What is being asked = In the listing that follows, the lines starting at the one containing "Hatcher Digital Employee" and ending at the one containing "Nuevos chats complican" are to be returned exactly, both boundary lines included, and no others.

Data under study =
__________________________________________________
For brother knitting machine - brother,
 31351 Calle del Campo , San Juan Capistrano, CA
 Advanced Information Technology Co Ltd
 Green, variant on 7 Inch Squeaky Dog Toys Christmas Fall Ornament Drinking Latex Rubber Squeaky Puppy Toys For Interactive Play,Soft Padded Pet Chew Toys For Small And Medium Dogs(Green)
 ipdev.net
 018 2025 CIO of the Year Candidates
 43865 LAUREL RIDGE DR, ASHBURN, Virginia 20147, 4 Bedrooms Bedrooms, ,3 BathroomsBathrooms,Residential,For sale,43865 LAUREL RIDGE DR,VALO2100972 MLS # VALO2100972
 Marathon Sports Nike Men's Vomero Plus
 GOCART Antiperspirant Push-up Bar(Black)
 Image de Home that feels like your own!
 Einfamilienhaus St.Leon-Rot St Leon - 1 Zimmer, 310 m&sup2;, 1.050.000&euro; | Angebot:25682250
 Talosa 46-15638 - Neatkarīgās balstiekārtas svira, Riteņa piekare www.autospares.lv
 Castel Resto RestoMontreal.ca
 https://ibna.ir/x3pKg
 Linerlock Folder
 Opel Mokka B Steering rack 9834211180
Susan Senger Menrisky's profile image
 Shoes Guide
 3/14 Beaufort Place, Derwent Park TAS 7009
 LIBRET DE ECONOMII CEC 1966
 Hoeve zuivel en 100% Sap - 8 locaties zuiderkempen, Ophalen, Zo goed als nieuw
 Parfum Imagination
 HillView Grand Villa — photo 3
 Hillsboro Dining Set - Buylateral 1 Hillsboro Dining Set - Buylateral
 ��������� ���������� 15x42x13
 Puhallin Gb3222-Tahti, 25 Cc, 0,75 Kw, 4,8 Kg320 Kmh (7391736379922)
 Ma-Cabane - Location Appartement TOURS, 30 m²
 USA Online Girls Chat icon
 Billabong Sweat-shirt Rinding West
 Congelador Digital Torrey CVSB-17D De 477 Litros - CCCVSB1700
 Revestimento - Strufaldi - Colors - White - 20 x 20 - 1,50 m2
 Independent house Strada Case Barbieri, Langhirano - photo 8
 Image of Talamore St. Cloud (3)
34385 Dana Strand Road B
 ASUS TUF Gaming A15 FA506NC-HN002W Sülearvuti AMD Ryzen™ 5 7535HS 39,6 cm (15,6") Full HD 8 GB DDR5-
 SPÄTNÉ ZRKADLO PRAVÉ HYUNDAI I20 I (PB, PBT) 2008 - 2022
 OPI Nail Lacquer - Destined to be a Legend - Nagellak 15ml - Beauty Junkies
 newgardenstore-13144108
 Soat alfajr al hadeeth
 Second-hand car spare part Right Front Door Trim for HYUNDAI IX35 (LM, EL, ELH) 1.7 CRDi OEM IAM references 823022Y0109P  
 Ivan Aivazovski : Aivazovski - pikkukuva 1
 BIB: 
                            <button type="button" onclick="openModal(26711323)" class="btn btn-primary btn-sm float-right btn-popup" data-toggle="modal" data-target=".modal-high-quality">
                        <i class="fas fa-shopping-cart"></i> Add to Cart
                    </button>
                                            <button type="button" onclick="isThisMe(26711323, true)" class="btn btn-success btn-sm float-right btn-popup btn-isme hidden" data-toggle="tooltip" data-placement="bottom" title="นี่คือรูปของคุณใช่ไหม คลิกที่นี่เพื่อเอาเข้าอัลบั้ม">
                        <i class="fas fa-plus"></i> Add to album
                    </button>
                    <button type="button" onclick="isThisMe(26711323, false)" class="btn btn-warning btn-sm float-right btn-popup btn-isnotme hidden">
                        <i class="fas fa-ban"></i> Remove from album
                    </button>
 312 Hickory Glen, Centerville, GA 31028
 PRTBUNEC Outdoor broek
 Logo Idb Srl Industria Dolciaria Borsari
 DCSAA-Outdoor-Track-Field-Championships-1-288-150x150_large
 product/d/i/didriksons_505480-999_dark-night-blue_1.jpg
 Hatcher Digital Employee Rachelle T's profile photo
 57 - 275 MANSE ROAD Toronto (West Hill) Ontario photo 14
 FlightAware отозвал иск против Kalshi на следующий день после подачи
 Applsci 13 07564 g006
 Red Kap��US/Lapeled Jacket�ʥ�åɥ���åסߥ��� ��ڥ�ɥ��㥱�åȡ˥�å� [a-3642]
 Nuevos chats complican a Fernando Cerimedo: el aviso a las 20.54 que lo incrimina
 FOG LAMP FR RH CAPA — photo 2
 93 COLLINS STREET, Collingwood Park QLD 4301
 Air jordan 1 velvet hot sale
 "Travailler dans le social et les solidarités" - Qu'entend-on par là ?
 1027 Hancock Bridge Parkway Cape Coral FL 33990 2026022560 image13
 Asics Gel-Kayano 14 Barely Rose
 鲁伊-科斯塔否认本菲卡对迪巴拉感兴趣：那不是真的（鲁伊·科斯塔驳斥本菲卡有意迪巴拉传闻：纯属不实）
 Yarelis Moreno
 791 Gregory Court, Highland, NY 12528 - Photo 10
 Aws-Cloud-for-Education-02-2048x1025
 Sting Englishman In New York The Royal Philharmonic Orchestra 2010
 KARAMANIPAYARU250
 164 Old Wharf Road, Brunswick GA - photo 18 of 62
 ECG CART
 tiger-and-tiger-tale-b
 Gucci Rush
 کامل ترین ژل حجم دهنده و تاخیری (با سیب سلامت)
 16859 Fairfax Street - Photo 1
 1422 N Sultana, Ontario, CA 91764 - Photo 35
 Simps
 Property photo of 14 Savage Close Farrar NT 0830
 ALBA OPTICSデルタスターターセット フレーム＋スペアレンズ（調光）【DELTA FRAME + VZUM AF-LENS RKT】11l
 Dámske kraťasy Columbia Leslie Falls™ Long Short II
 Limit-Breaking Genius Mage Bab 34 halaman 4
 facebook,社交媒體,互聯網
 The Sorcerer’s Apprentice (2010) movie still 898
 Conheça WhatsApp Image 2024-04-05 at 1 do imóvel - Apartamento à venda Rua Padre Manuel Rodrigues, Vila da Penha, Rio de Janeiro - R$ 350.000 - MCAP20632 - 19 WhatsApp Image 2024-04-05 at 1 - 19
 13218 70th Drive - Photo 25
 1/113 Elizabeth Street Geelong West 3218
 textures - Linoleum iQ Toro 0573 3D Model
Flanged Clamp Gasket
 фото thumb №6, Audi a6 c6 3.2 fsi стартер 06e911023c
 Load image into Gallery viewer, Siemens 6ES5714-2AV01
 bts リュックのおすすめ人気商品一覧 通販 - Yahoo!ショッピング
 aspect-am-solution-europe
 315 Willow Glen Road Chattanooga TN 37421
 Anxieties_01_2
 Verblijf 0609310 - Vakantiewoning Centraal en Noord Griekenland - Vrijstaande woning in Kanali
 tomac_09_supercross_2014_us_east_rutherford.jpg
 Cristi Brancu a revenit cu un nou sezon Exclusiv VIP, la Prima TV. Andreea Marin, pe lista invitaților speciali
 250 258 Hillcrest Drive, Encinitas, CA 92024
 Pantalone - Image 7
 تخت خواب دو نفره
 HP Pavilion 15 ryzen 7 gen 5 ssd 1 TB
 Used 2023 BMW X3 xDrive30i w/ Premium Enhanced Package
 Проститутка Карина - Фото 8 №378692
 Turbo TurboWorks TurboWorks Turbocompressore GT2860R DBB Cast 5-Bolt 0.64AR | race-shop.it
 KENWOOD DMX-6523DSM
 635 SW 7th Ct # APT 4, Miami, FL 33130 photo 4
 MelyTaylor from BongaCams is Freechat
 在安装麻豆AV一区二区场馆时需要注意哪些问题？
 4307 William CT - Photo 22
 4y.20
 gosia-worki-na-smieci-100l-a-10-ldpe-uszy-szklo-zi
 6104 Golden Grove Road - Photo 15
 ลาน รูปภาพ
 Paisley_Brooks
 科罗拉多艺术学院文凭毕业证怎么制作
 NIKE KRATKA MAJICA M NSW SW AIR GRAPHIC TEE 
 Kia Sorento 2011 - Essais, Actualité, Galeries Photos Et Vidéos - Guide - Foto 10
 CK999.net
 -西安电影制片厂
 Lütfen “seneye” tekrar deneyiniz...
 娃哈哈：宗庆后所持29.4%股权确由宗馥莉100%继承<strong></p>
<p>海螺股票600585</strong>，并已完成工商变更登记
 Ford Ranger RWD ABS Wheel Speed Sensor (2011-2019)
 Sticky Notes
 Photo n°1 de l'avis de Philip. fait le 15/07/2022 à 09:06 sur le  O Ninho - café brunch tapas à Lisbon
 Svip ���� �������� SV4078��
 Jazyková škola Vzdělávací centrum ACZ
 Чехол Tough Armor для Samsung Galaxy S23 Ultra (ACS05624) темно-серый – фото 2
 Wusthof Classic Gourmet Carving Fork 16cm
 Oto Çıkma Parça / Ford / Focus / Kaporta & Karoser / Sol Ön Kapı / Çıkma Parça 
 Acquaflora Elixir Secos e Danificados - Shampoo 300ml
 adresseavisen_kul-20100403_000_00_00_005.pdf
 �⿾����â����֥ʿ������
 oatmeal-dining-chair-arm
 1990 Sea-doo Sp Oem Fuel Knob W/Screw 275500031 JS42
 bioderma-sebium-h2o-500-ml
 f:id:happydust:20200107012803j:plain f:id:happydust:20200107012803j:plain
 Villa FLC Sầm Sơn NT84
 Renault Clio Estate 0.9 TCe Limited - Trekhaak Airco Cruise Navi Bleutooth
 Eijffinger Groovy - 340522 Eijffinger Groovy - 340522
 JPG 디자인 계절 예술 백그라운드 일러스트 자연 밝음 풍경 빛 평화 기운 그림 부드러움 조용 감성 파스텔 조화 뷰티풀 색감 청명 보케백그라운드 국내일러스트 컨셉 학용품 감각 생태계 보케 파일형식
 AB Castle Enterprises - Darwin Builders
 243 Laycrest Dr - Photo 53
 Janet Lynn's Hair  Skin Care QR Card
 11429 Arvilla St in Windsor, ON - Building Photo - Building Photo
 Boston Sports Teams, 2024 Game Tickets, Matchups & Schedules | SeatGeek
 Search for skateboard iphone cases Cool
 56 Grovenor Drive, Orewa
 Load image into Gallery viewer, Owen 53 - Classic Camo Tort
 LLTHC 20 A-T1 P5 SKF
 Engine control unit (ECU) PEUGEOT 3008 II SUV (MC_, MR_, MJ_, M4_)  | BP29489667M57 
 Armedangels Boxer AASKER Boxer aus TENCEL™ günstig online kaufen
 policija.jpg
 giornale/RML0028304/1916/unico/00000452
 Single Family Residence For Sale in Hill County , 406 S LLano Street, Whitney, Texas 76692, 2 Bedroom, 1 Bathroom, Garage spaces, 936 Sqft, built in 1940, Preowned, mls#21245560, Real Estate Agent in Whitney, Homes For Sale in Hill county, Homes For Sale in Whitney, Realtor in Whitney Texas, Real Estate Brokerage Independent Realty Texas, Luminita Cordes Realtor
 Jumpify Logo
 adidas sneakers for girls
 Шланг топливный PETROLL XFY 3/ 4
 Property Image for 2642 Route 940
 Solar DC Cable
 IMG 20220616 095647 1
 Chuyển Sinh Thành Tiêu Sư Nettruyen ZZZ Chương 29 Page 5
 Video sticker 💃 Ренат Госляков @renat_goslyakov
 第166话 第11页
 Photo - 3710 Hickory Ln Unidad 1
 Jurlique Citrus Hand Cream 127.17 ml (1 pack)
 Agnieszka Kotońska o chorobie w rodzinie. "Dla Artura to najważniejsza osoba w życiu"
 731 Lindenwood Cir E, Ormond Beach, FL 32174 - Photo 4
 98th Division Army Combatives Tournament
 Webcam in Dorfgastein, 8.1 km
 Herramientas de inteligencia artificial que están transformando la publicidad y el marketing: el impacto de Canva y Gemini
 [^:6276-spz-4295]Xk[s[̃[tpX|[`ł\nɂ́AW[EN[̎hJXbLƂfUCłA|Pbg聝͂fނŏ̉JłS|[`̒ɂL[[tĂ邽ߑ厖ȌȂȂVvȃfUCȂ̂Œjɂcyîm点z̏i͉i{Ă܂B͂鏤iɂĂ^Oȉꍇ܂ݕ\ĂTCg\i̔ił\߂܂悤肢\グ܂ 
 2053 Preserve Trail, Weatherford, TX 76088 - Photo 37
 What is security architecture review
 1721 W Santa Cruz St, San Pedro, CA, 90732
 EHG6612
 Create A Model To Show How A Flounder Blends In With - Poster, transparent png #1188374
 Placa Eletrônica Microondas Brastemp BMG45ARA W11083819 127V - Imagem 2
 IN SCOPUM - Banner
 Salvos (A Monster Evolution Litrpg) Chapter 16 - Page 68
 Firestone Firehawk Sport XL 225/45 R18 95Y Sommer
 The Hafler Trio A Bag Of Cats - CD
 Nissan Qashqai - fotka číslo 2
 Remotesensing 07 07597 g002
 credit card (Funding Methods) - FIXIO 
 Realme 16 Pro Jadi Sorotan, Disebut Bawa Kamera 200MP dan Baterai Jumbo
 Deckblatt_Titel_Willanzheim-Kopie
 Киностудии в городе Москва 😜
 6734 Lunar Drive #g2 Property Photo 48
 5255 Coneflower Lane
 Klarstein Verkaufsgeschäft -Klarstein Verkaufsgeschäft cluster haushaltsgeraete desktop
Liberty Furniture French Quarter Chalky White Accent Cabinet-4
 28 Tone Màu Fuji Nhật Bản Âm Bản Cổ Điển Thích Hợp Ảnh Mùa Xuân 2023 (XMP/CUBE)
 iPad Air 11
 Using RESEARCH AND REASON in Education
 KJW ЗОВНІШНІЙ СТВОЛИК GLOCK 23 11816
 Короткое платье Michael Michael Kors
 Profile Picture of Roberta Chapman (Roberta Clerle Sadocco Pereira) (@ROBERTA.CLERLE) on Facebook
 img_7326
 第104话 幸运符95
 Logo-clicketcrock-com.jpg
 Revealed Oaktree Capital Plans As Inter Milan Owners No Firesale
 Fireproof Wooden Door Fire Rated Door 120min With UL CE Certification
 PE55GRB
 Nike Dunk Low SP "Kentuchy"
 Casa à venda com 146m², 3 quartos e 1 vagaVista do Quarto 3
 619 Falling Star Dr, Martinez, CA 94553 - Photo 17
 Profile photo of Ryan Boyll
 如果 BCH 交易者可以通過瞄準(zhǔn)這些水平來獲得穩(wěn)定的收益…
__________________________________________________
Answer for this exercise =
 Hatcher Digital Employee Rachelle T's profile photo
 57 - 275 MANSE ROAD Toronto (West Hill) Ontario photo 14
 FlightAware отозвал иск против Kalshi на следующий день после подачи
 Applsci 13 07564 g006
 Red Kap��US/Lapeled Jacket�ʥ�åɥ���åסߥ��� ��ڥ�ɥ��㥱�åȡ˥�å� [a-3642]
 Nuevos chats complican a Fernando Cerimedo: el aviso a las 20.54 que lo incrimina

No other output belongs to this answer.